How to predict the directional edges in a heterogeneous network?

cs001632 · April 11, 2021, 3:12pm

How to predict the directional edges in a heterogeneous network?
Our input data is a table of edges (potential edges) and a list of nodes. Grouptruth is a set of edges that are known to exist.
For example:
edgetable.csv (potential edges)
dst src attr
A B AtoB
A B BtoA
A C AtoC
B D BtoD

nodetable
type Attr
A type2 5
B type1 3
C type1 2
D type2 5

groundtruth
B D negative

Our purpose is twofold:

whether there is a relationship between two types of nodes
how to determine their direction?
We know that RGCN/Sage might do it, but we don’t know how to design train, test and valid datasets. Could you kindly recommend relevant ideas and tutorials?

BarclayII · April 12, 2021, 7:20am

You can treat relationship with different direction as different relationships (i.e. a relationship and another “reverse” relationship), and edges with different direction as different edges (i.e. the edge from u to v and another edge from v to u are different).

For link prediction on heterogeneous graph you can refer to dgl/link_predict.py at master · dmlc/dgl · GitHub.

cs001632 · April 12, 2021, 12:20pm

Thank you for your kind suggestion. However, we have not predefined train, test and valid classes for samples. What is your suggestion to setup those class?

BarclayII · April 13, 2021, 7:23am

The most common strategy is to split the edges uniformly into something like 8:1:1 ratio. Depending on your data, task and use case you may want specific strategies other than uniform splitting. I’m not sure what exactly your case is, so I can only give some examples:

If your use case is predicting future edges, you may need to split training/validation/test set according to timestamps.
If your use case is to predict connections to/from unseen nodes, then your edge split should be grouped by their incident nodes instead.
If your dataset is tiny, like a hundred edges or so, then cross-validation might be your best bet.

cs001632 · April 13, 2021, 7:43am

Your timely reply is helpful! Specifically, the goal in our case is to select the most essential interactions (edges) in edgetable.csv. We plan to calculate the weight of each edge based on GNN and ranking them. Might unsupervised graphSAGE be helpful (dgl/train_sampling_unsupervised.py at master · dmlc/dgl · GitHub)? However, since it is an unsupervised method, why did this code contain test and valid parts?

cs001632 · April 26, 2021, 1:05pm

We do not have enough known direction information for training. Might you kindly recommend a unsupervised method to generate direction?

BarclayII · April 28, 2021, 7:17am

If you have very few labels then you can adapt traditional unsupervised learning methods or semi-supervised learning methods in deep learning. The following might give you an idea of how to adapt existing approaches to your problem - it’s just an example, so I can’t guarantee that it must work for your case.

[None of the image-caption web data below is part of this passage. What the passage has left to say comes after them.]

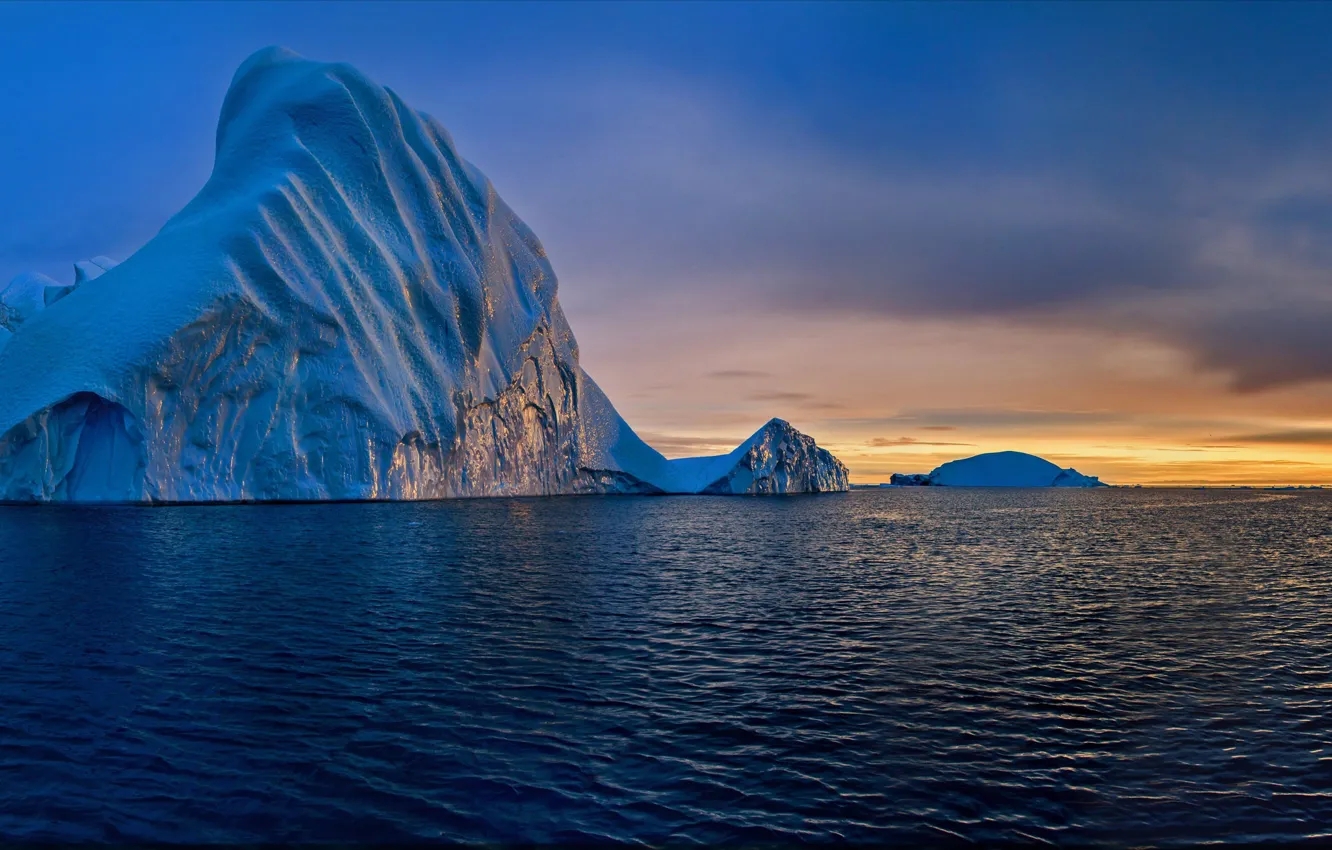 Фото обои море, закат, айсберг, Гренландия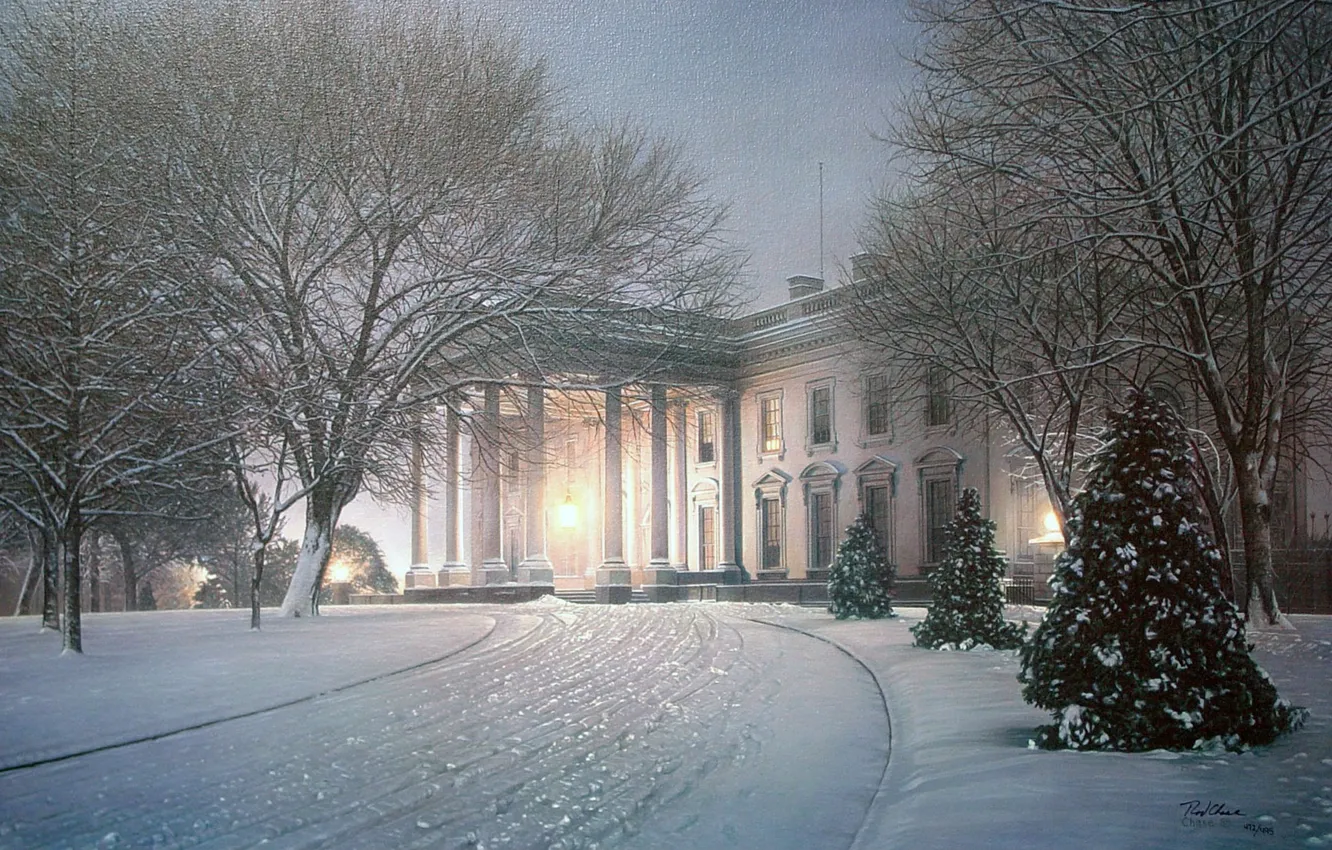 Photo wallpaper winter, light, snow, trees, house, Park, figure, Villa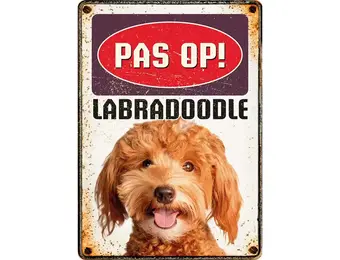 Plenty Gifts Waakbord - Pas op! Labradoodle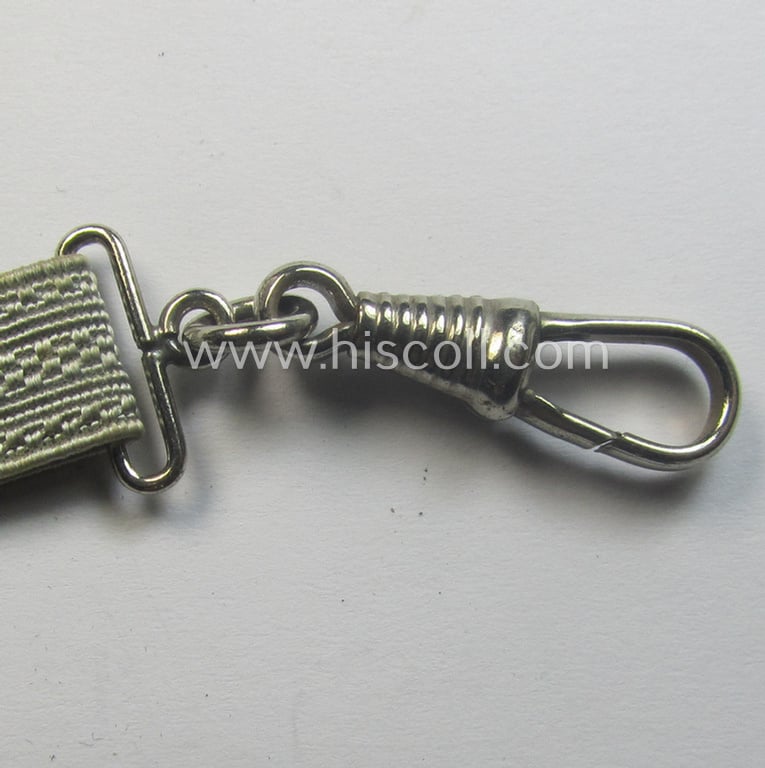 Smaller-sized (ie. miniature) so-called: 'watch-fob' (ie. key-holder) as executed in the form of a greyish-/white-coloured NCO-type side-arm knot (ie. 'Portepee' or: 'Troddel') as was used for the various WH-type bayonets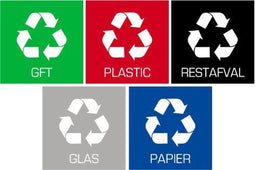 Plafor prullenbakken sticker set – 5 stuks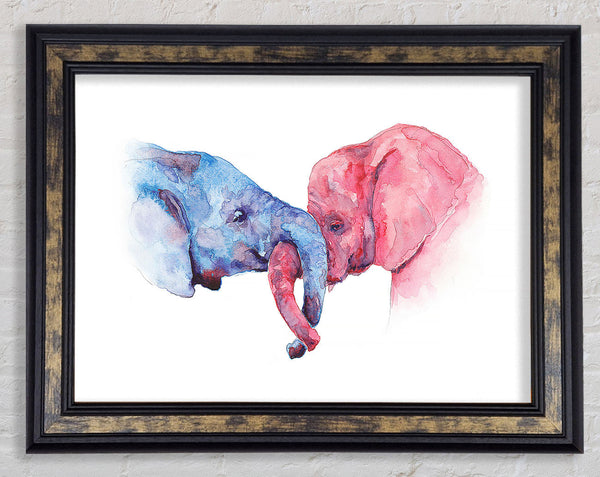 Elephant Trunk love Framed Print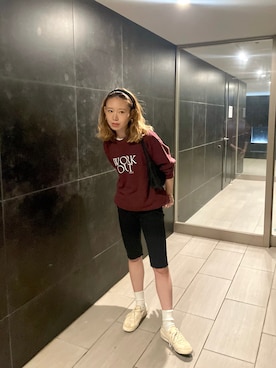 「Whim Gazette（ウィムガゼット）のアイテム（パンツ）」を使った、りっぴーさん（レディース・154cm）の夏コーディネート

For instance, a typical strategy of dealing with few labels is to first learn a general representation of each data instance (e.g. using an autoencoder), and then train a small model (like a linear classifier) on the learned representations. To adapt, you can

First learn a general representation of each edge, which can be expressed as a function of learned general node representations and edge features.
There are multiple ways to learn general node representations, e.g. using GraphSAGE or Graph Autoencoders.
Once the general node representations are learned, you can then train a simple linear classifier that takes the incident node representations (and edge features if applicable) as inputs. You may also want to consider higher-order features like what you would do in feature engineering.

system · May 28, 2021, 7:17am

This topic was automatically closed 30 days after the last reply. New replies are no longer allowed.